- **ASSIGNED TASK**
The reply should reproduce every line of the data below word for word, minus any images.

*-*-*

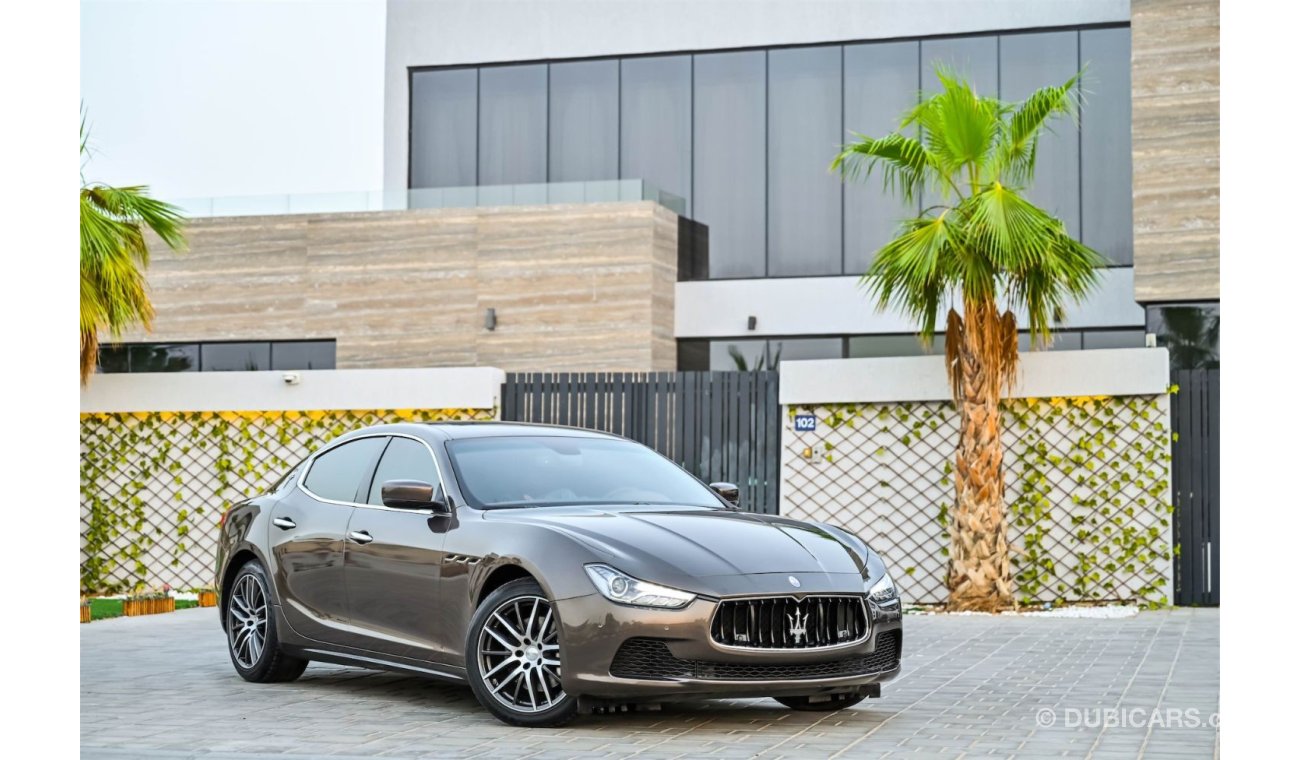 Maserati Ghibli | 2,526 P.M | 0% Downpayment | Immaculate Condition!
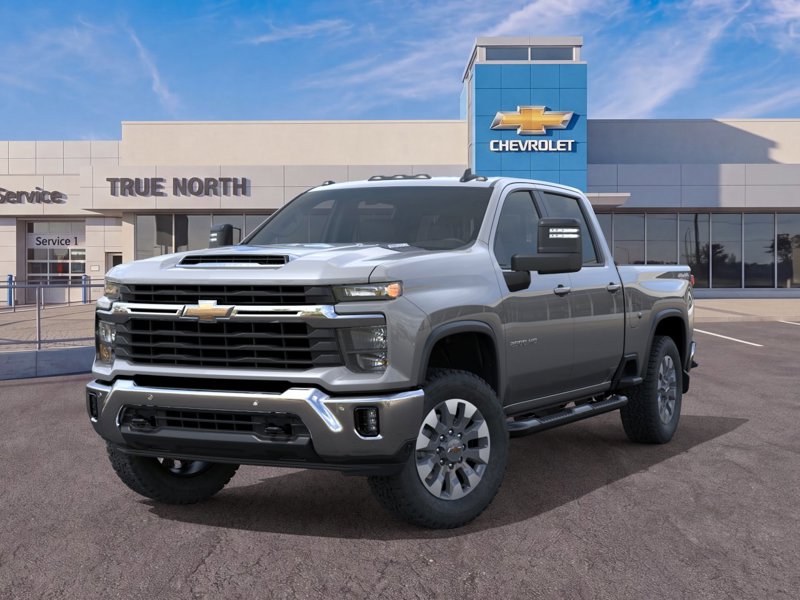 2026 Chevrolet Silverado 2500HD LT 4WD Crew Cab 159″ LT Turbocharged Diesel V8 6.6L/ [5]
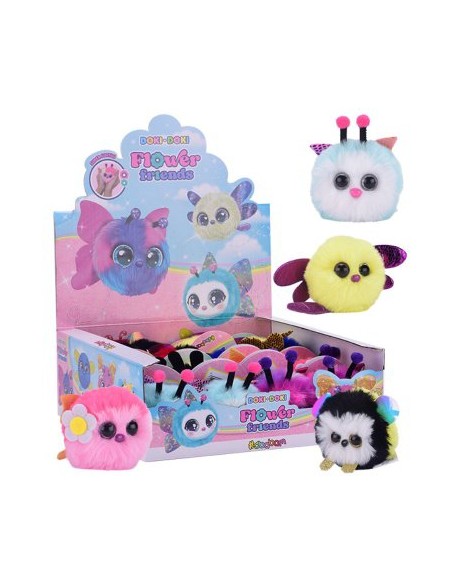 PELUCHE DOKI DOKI FLOWER FRIENDS, EXP 16 UDS
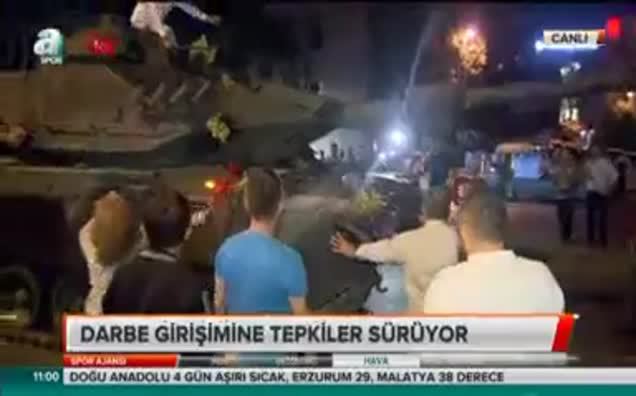 Darbeye karşı tek yürek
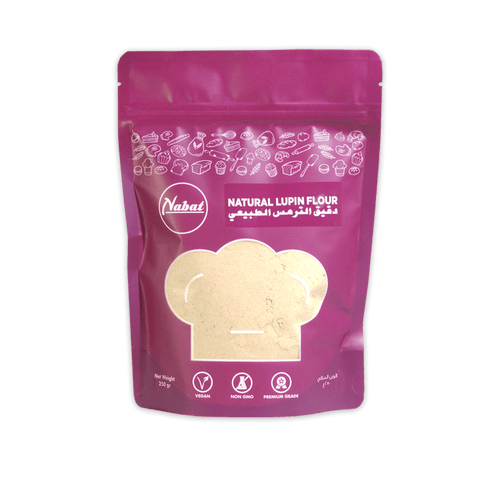 Nabat Natural Gluten Free Lupin Flour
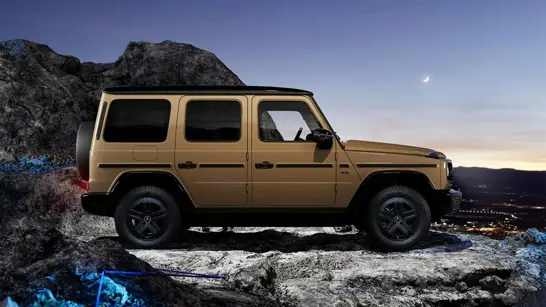 Mercedes-Benz Elektrische G-Klasse 02 - Merbag Mercedes-Benz Elektrische G-Klasse 02 - Merbag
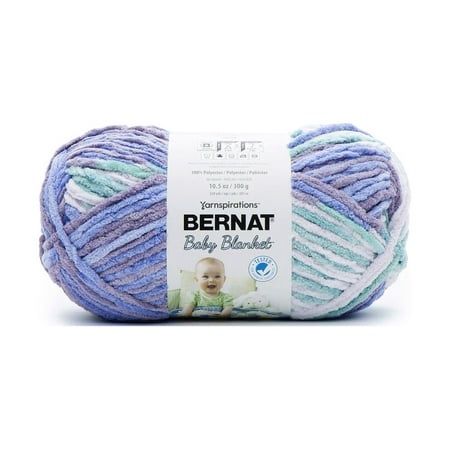 Bernat Baby Blanket - Posy Purple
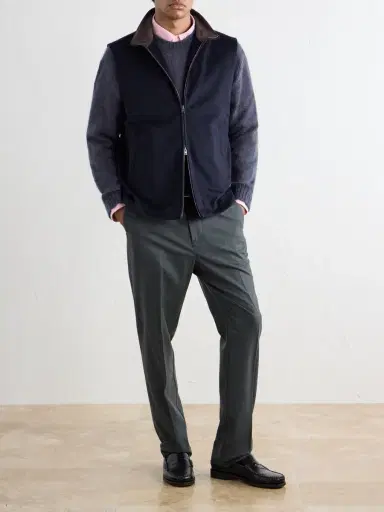HERNO Wool and Cashmere-Blend Vest - Men | Thumbnail 2 HERNO Wool and Cashmere-Blend Vest - Men | Thumbnail 2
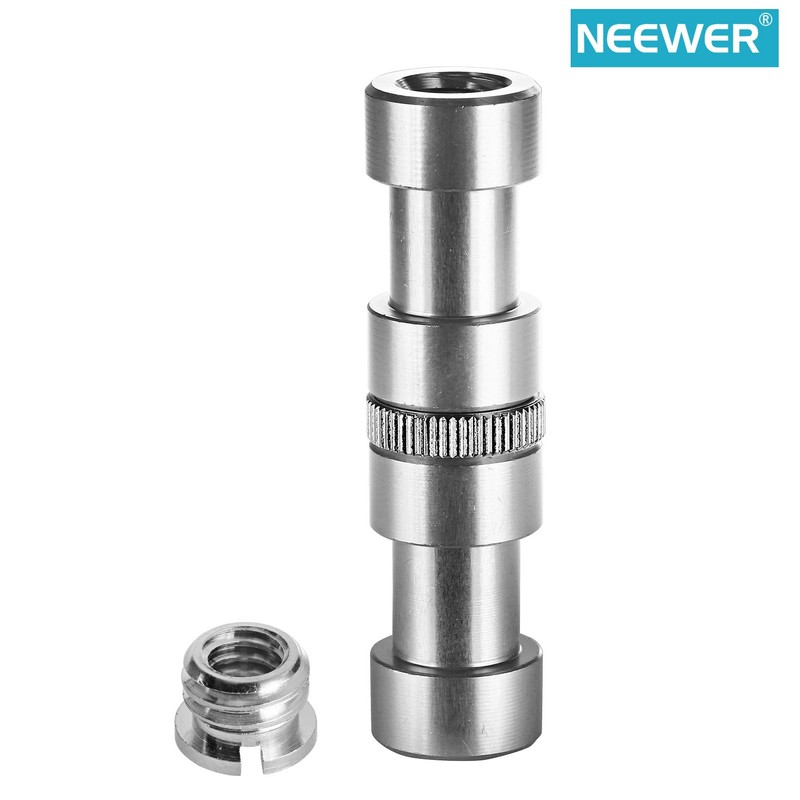 Neewer® 15 Pieces 1/4" 3/8"Metal Threaded Screw Converter Adapter for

*-*-*

- **RESPONSE BELOW**
 Maserati Ghibli | 2,526 P.M | 0% Downpayment | Immaculate Condition!
 2026 Chevrolet Silverado 2500HD LT 4WD Crew Cab 159″ LT Turbocharged Diesel V8 6.6L/ [5]
 PELUCHE DOKI DOKI FLOWER FRIENDS, EXP 16 UDS
 Darbeye karşı tek yürek
 Nabat Natural Gluten Free Lupin Flour
 Mercedes-Benz Elektrische G-Klasse 02 - Merbag Mercedes-Benz Elektrische G-Klasse 02 - Merbag
 Bernat Baby Blanket - Posy Purple
HERNO Wool and Cashmere-Blend Vest - Men | Thumbnail 2 HERNO Wool and Cashmere-Blend Vest - Men | Thumbnail 2
 Neewer® 15 Pieces 1/4" 3/8"Metal Threaded Screw Converter Adapter for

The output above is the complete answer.